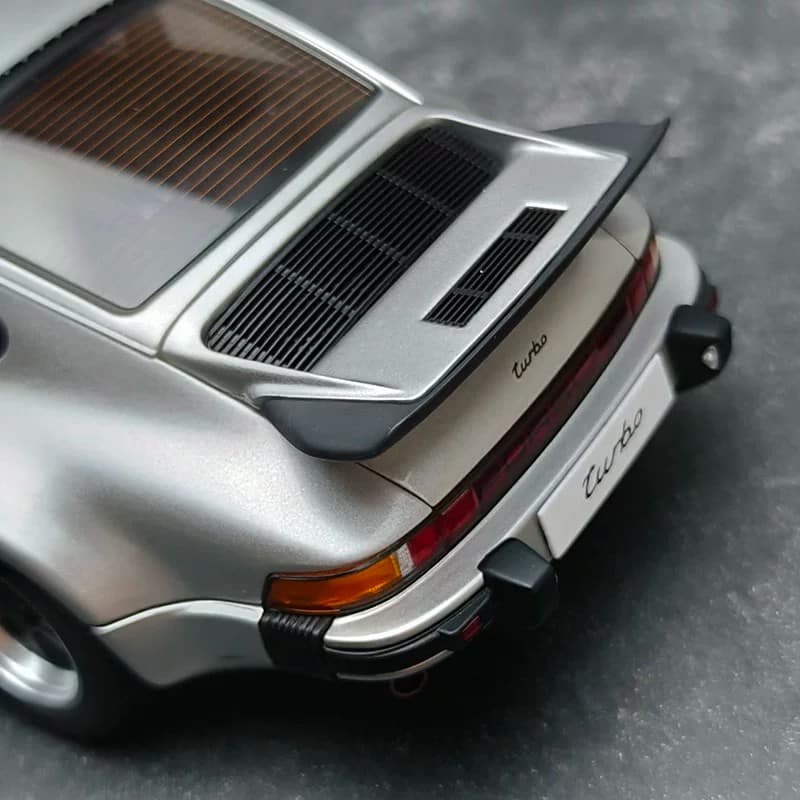 AUTOart 1:18 Porsche 911 (930) Turbo 3.0 Diecast Model Car
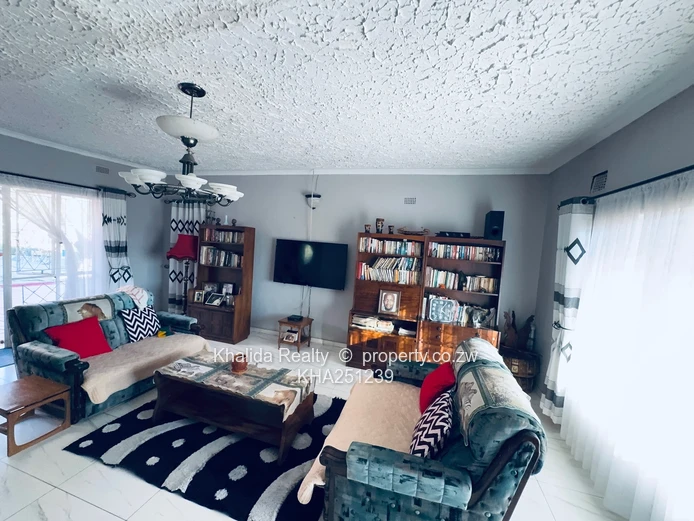 Hatfield Spacious property for sale 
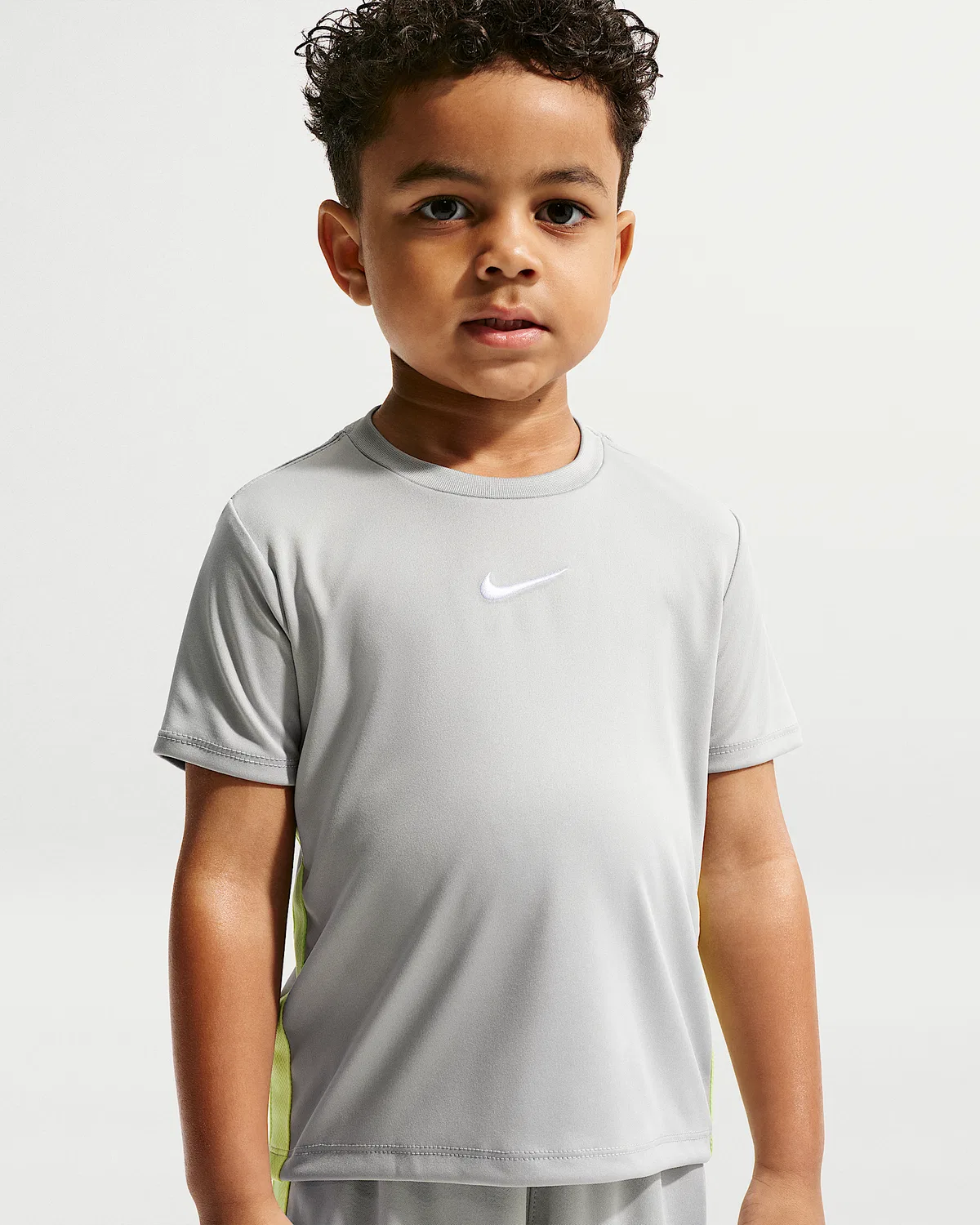 Детский спортивный комплект Nike Toddler Dri-FIT из шорт и футболки, Light Smoke Grey — фото 2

(EXERCISE DESCRIPTION):
Leaving out the pictures, output the listing above exactly as given.

(YOUR RESPONSE):
 AUTOart 1:18 Porsche 911 (930) Turbo 3.0 Diecast Model Car
 Hatfield Spacious property for sale 
 Детский спортивный комплект Nike Toddler Dri-FIT из шорт и футболки, Light Smoke Grey — фото 2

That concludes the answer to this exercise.